È stata molto bella la serata BBQ di sabato. Molto variata, c’erano da amici loro coppie da +-40 anni, a quelli del’altra serata da una trentina, poi un ragazzo di 24, il fratello di Anne (un po strano ma interessante), la mamma e una amica di lei di Anne di tipo 80 anni (simpaticissime, come ho riso a parlare con loro!).

La domenica invece, siamo andati chez Jennifer e John a guardare la partita USA-Giappone… beh, io piuttosto giocavo con Pam, la cagnetta di loro due).
E oggi aereo per SF! Dopo arrivare col BART, sono andata a comprare un po di frutta e verdura, birra e formaggio (per il resto c’è ancora di tutto a casa). Come no, sono andata in bicicletta da quel posto bio carissimo, pero che dopo sapere che qui il latte non bio ha anche le ormone e la maggior parte del resto ha dei aditivi e grassi aggiunti, io ci penso due volte. Poi sono in vacanza quindi quel cazzo che vado a comparare 2 dollari di un posto all’altro quando li è più buono.
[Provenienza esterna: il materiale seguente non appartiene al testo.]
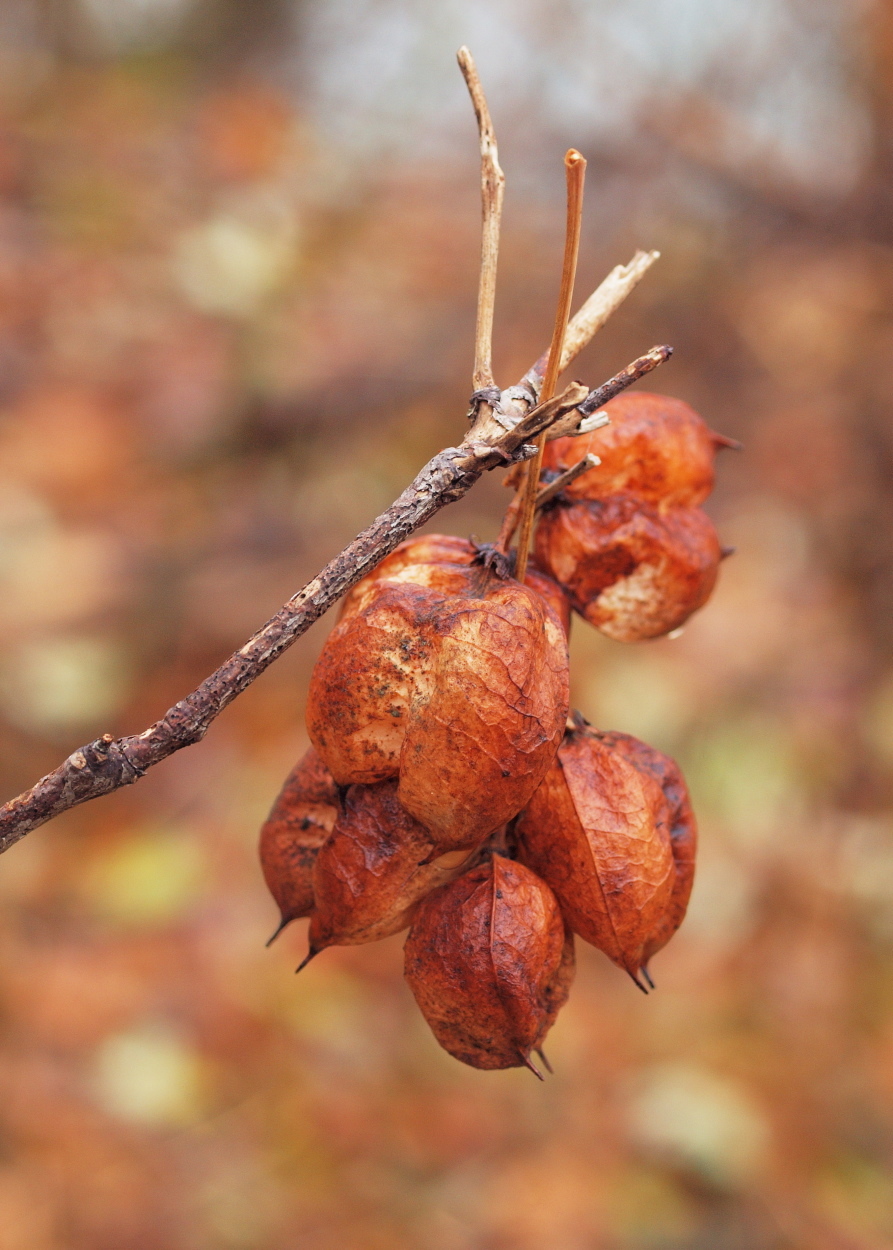 Staphylea pinnata (rights holder: HermannFalkner/sokol)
Ma come dicevo, come l’altra volta ero in bicicletta e come no, c’era il vento fortissimo in contro tanto all’andata (in salitissima) come nel ritorno (non si capisce questo, era fatto apposta!), ed al ritorno con 2 sacchetti enormi che ballavano di lato a lato.

Poi pero’ a casa mi son fatta una Leffe con un po di taleggio che avanzava e poi bella doccia lunga, poi mettere tutto a posto. Poi cena con Attilio e partita di biliardo in un pub. È stato divertente, poi siamo finiti a giocare con dei ragazzi li perché basicamente se non guadagni il turno giocando con loro non ti lasciano mai il tavolo.